A skin prick test is the most common method for identifying immediate allergies (the kind that cause hives, swelling, and anaphylaxis). A tiny amount of suspected allergen is pricked into the surface of your skin, usually on your forearm or back. Results appear in 15 to 20 minutes. A raised bump 3 millimeters or larger at the test site indicates a positive reaction. For airborne allergens like dust mites and pollen, this test is highly accurate, with sensitivity and specificity ranging from 70 to 97%. For food allergens, accuracy is more variable, ranging from 30 to 90%.

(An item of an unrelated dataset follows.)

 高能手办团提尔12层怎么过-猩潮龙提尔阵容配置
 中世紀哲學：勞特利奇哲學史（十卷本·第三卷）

A blood test measuring allergen-specific antibody levels is an alternative when skin testing isn’t practical, such as when you’re taking medications that would interfere with skin test results or when you have widespread eczema. A patch test is a separate method used for delayed reactions like contact allergies to metals, fragrances, or preservatives. Small patches containing potential allergens are applied to your back and left in place for 48 hours before being read.

For food allergies specifically, the gold standard confirmation is a controlled food challenge performed under medical supervision, where you eat gradually increasing amounts of the suspected food while being monitored. This is the most definitive way to know whether a food truly triggers a reaction or whether you can safely tolerate it.